NAME      ::= [A-Za-z_][A-Za-z_0-9.-]*
STRING    ::= '"' [^"]* '"'
WS        ::= #x20 | #x9 | #xD | #xA

; Name                       ::= NameStartChar (NameChar)*
; NameChar                   ::= NameStartChar | '-' | '.' | [0-9] | #xB7 | [#x0300-#x036F] | [#x203F-#x2040]
; NameStartChar              ::= ':' | [A-Z] | '_' | [a-z] | [#xC0-#xD6] | [#xD8-#xF6] | [#xF8-#x2FF] | [#x370-#x37D] | [#x37F-#x1FFF] | [#x200C-#x200D] | [#x2070-#x218F] | [#x2C00-#x2FEF] | [#x3001-#xD7FF] | [#xF900-#xFDCF] | [#xFDF0-#xFFFD] | [#x10000-#xEFFFF]

5. Use Case Solutions

This section lists CTM³ solutions to the use cases given in [Use Cases].

Topic with an Item Identifier (3.2.1.)

:John .

Typed Topic - Using Item Identifiers (3.2.2.)

:john > :person .

Typed Topic - Using Subject Identifiers (3.2.3.)

@PREFIX foo: <http://psi.example.com/> .
foo:john < foo:person .

Multi Typed Topic - Using Item Identifiers (3.2.4.)

:john > :singer , :guitarist .

Multi Typed Topic - Using Subject Identifiers (3.2.5.)

@PREFIX foo: <http://psi.example.com/> .
:john < foo:singer , foo:guitarist .

Topic with an Item Identifier and a Topic Name (3.3.1.)

:John "John Lennon" .

Topic with a Subject Identifier and a Topic Name (3.3.2.)

@PREFIX b: <http://psi.beatles.example.org/> .
b:The_Beatles "The Beatles" .

Topic with a Subject Locator and a Topic Name (3.3.3.)

:beatles-website = "http://beatles.com" ;
  "Official website of The Beatles" .

Typed Topic Name - Using Item Identifiers (3.3.4.)

@NAMES :fullname .
:john :fullname "John Ono Lennon" .

Typed Topic Name - Using Subject Identifiers (3.3.5.)

@PREFIX ex: <http://psi.example.org/> .
@NAMES ex:fullname .
:john ex:fullname "John Ono Lennon" .

Scoped Topic Name - Using Item Identifiers (3.3.6.)

:john "John Winston Lennon" / :fullname / .

Scoped Topic Name - Using Subject Identifiers (3.3.7.)

@PREFIX ex: <http://psi.example.org/> .
@NAMES ex:fullname .
:john "John Ono Lennon" / ex:fullname / .

Multi Scoped Topic Name (3.3.8.)

:beatles "The Beatles" ;
         "Fab Four" / :nickname :short / .

Typed and Scoped Topic Name (3.3.9.)

:john
  :fullname "John Ono Lennon" / yoko / .

Topic Name with a Variant of datatype String (3.3.10.)

:john
  "John Lennon" ( "lennon, john" / tm:sort / ) .
  /* string datatype is default */

Topic Name with a Variant of datatype XML (3.3.11.)

:john "John Lennon" ("John Lennon"^xsd:xml /markup/) .
  /* Assume xsd:xml is datatype for XML encoded strings.
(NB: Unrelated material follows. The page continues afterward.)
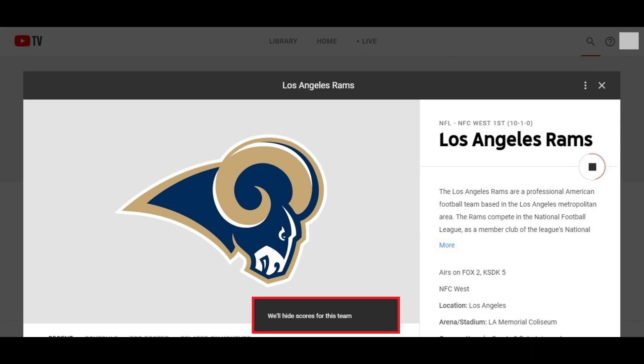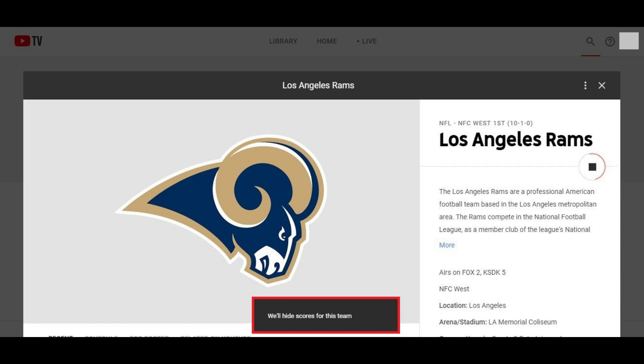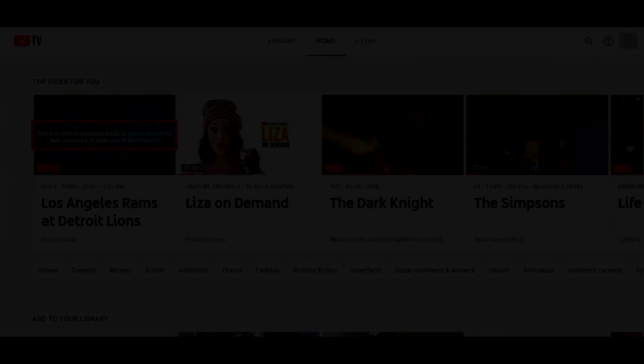A message will briefly be displayed at the bottom of your screen, notifying you that scores in games where this team is involved going forward will not be displayed. In addition to the scores no longer being displayed, you'll now see a message on the preview thumbnail when games are being played that says previews are unavailable as a result of the score being hidden.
Not sure if it is. */

Topic Name with a Variant of datatype IRI (3.3.12.)

:john "John Lennon"
  (<http://en.wikipedia.org/wiki/Image/Jk_beatles_john.jpg>^xsd:anyURI /image/ ) .
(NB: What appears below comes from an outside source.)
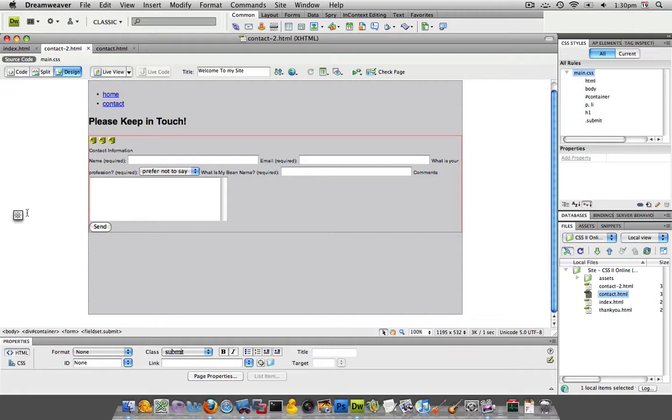So it's one of the common practices now to turn each one of our label and input values into its own list item inside an unordered list. And that's exactly what I'm going to do now.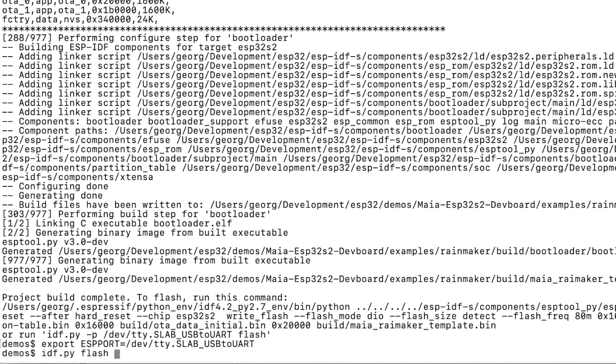So let's trigger the flash command. We also add immediately the monitor command so that we get the logs from the serial port once the flash is complete.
Topic Name with a Variant of a non-TMDM datatype (3.3.13.)

:revolution-nine  "Revolution 9"  ( "9"^xsd:integer /number/ )  .

Typed Occurrence of datatype String - Using Item Identifiers (3.4.2.)

:adayinthelife
  :lyrics  "I read the news today, oh boy" .
  /* string datatype is default */

Typed Occurrence of datatype String - Using Subject Identifiers (3.4.3.)

:adayinthelife
  ex:lyrics  "I read the news today, oh boy" .
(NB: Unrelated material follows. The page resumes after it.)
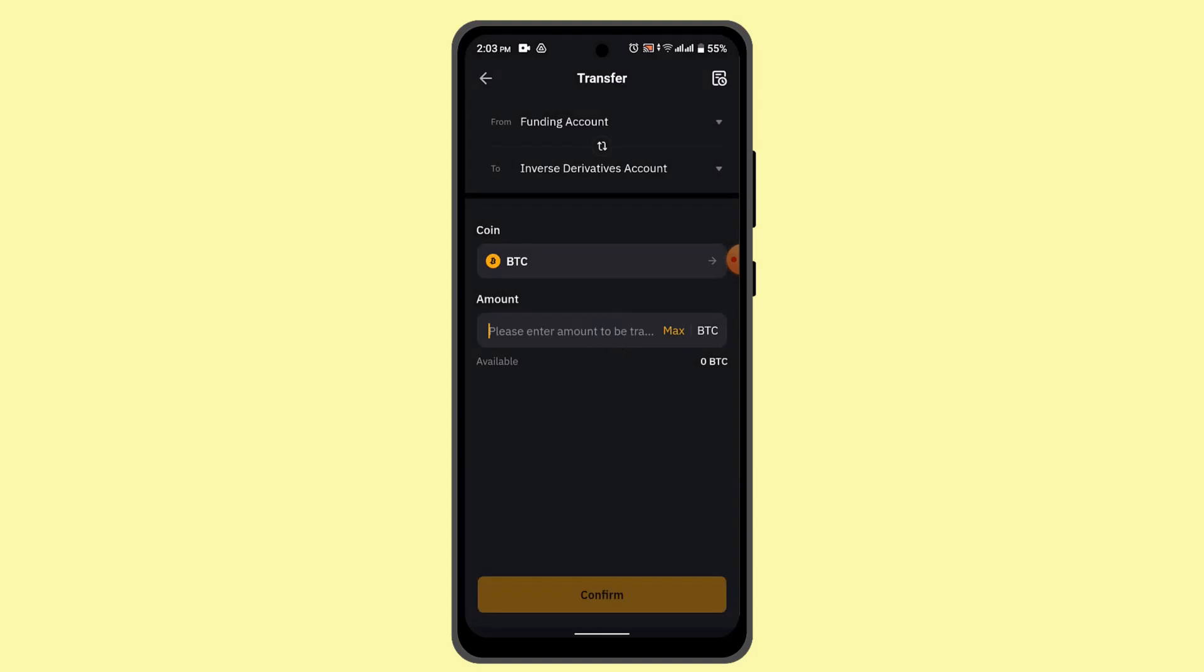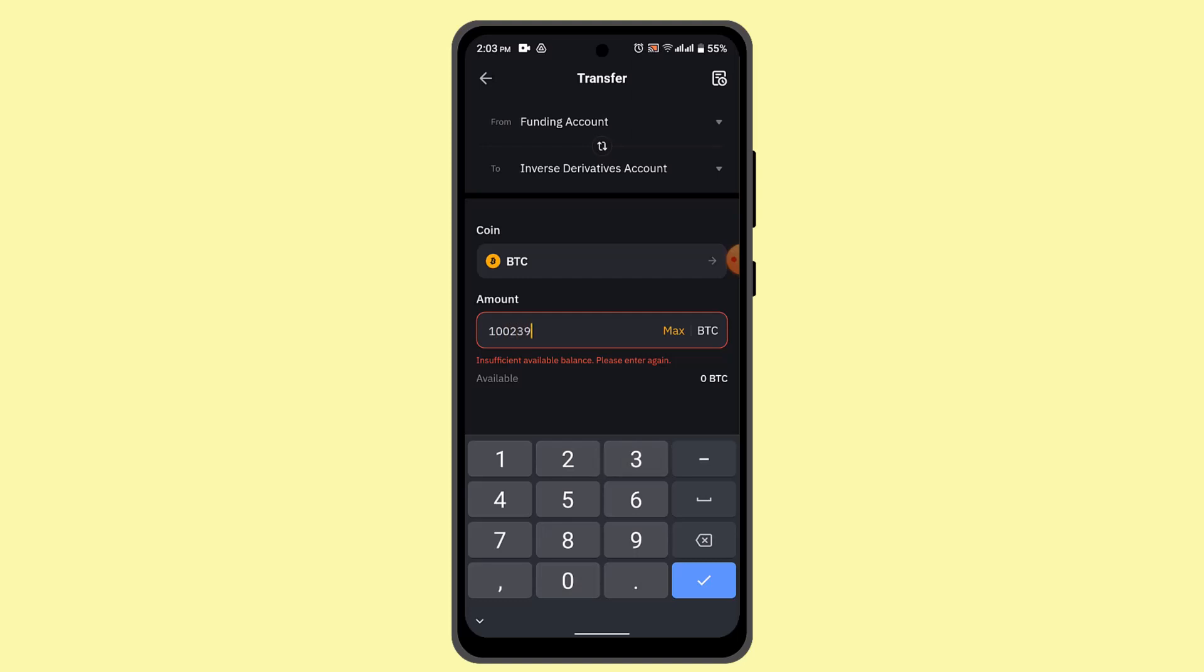And click on the confirm button. Next page, you need to go ahead and paste in the wallet address that you recently copied and then confirm the transaction by reviewing all of the information, and you'll have transferred money from Bybit to Revolut.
Scoped Occurrence of datatype String - Using Item Identifiers (3.4.4.)

:adayinthelife
  :lyrics  "I read the news today, oh boy"  /:en/ .

Scoped Occurrence of datatype String - Using Subject Identifiers (3.4.5.)

:adayinthelife
  ex:lyrics  "I read the news today, oh boy"  / lang:en /  .

Occurrence of datatype XML (3.4.6.)

:adayinthelife  :lyrics
  "<html>
   <head>
     <title>A day in the life</title>
   </head>
   <body>
     <p>I read the news today, oh boy</p>
     </body>
   </html>"^xsd:xml  .

Occurrence of datatype IRI (3.4.7.)

:beatles
   :website  <http://beatles.com/>  .

Occurrence of a non-TMDM datatype (3.4.8.)

:pennylane
   :tracknum  "2"^xsd:integer  .

Creating an Association (3.5.1.)

@ASSOC  :work  :created-by  :creator  .
:yesterday  :created-by  :mccartney  .

Scoped Association (3.5.2.)

@ASSOC  :work  :created-by  :creator  .
:yesterday  :created-by  :mccartney  / :unofficial /  .

Supertype-Subtype relationship - Using Item Identifiers (3.5.5.)

:song >> :musical-work

Supertype-Subtype relationship - Using Subject Identifiers (3.5.6.)

ex:song >> ex:musical-work

Reification of a Topic Map (3.6.1.)



Reification of a Topic Name (3.6.2.)

:john "John Ono Lennon" @:name-of-john-lennon .

Reification of a Variant (3.6.3.)

:john "John Lennon"
      ("lennon, john" /:sortname/ @:johns-sortname) .

Reification of an Occurrence (3.6.4.)

:john  :website  <http://johnlennon.com/>  @:lennons-website .
:lennons-website  "Official website of John Lennon" .

Reification of an Association (3.6.5.)

:lennon  :partnership  :mccartney  @:lennon-mccartney .
:lennon-mccartney  "Lennon / McCartney" .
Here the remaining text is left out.